Kasper Schmeichel, Stuart Dallas, Leeds United connection and why some non-English views of England at Euro 2020 are changing
For the non-English, when it comes to England and Euro 2020 you can be Kasper Schmeichel, Stuart Dallas or a bit of both.
The former Leeds United goalkeeper’s response to a somewhat oddly phrased question about his desire to stop ‘it’ from ‘coming home’ was mild teasing but, of course, it stirred something in the hearts of those who would dearly love to see England fail, as much as it did in the hearts of those desperate to see the Three Lions triumph.
“Has it ever been home? I dunno, have you ever won it?” he asked the English journalist on Denmark’s pre-game press call.
There was a grin on his face because he knew he was being a little mischievous, but the Danish No 1 did go on to make the point that, compared with the thought of what a Euro 2020 triumph would do for his country and his people, breaking English hearts simply isn’t a motivation.
“To be honest, I haven’t given any thought to what it would mean to stop England, more what it would do for Denmark,” he said.
“I’ve focused very little on the England national team; it doesn’t really mean anything to me.
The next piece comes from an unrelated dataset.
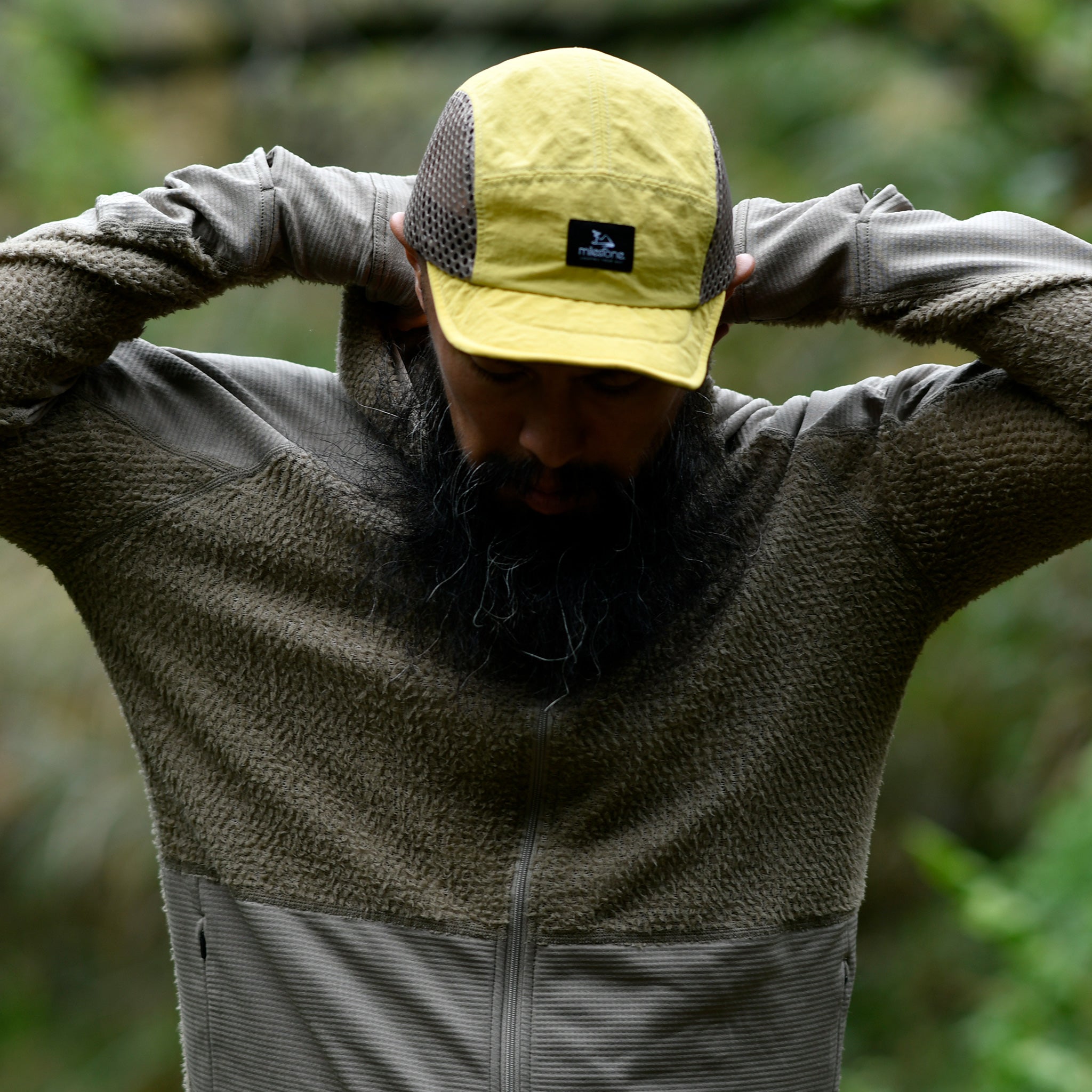 milestone Original Cap MSC-010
It’s what it would do for our country back home.”
Although the song itself is about clinging on to belief and hope despite the natural pessimism and despair that creeps in after 28 consecutive major tournaments without a trophy, the chorus and that one line ‘it’s coming home’ that has been belted out every four - or five - years since 1996, has come to represent something else in the minds of many outside England, or even those like Schmeichel who live and work here but do not call this their country.
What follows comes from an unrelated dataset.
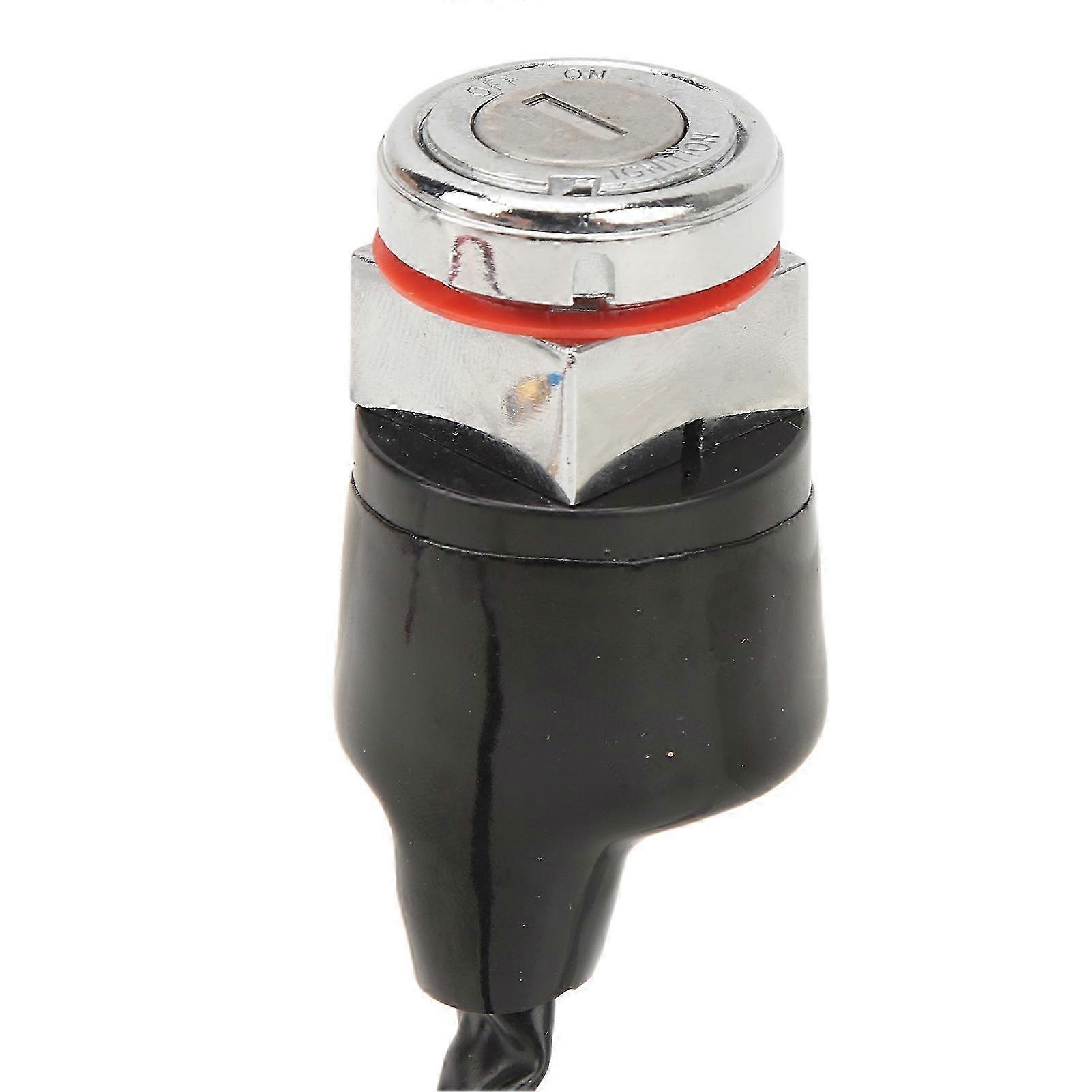 Heat Resistant Waterproof Reliable Ignition Key Switch Set Suitable for CB100 CB 100 Super Sport 100 Model 35010 111 671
It has become somewhat disassociated with the self-deprecating but optimistic tone with which it was first sung and, when the suggestion is made that it should mean something to England’s opposition, it takes on a different tone, one more associated with Rio Ferdinand’s hubristic declarations or what the Irish, Scottish, Welsh and most others around the world have historically perceived as English arrogance.
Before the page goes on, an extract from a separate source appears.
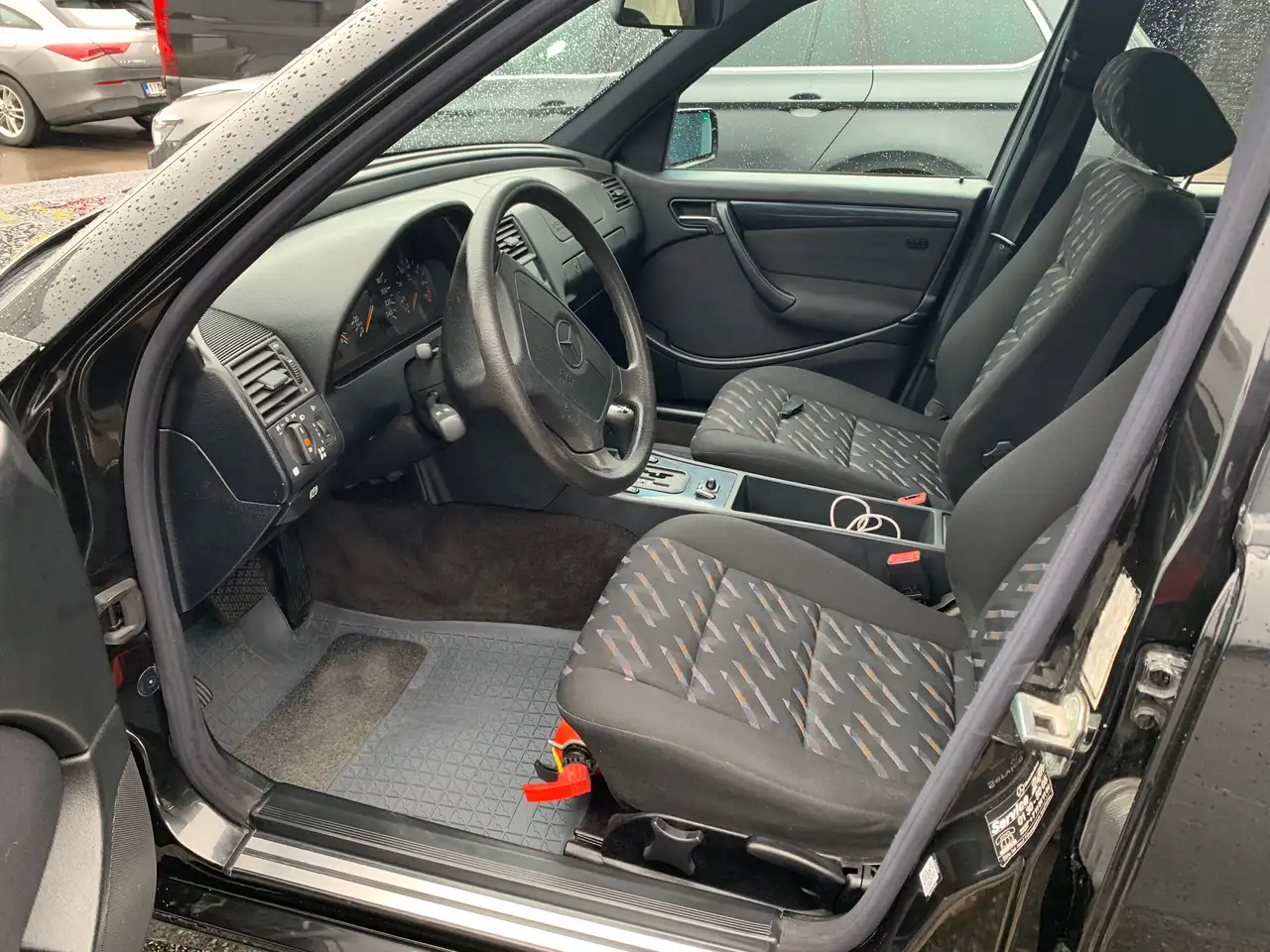 Mercedes-Benz C 180 C180 Automatique, foto 5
The tournament might be partly hosted by England, but it’s not all about England and that had to be running through Schmeichel’s mind as he closed his eyes briefly as that question was formed.
For years at Windsor Park, Northern Ireland fans would give as resounding a rendition of God Save The Queen as any at Wembley, and then cheer if the half-time scores read out on by the stadium announcer revealed England were losing.
It was intensely difficult to like certain England teams and certain English players and, as each major tournament arrived, it was nigh on impossible to avoid the feeling that this country believed it had some divine right to win the thing.
None of that could be said of Gareth Southgate and this England team, however.
Make no mistake, there will be a great proportion of the United Kingdom’s population taking great delight if Ferdinand’s bold prediction falls flat on its face and he’s left crestfallen on Sunday night because it yet again has refused to come home.
But it’s harder to wish misfortune on this England team. They’re different.
Southgate has to take an enormous amount of credit for just how likeable his squad is, because he opened the doors and let the world in to see them in their true light.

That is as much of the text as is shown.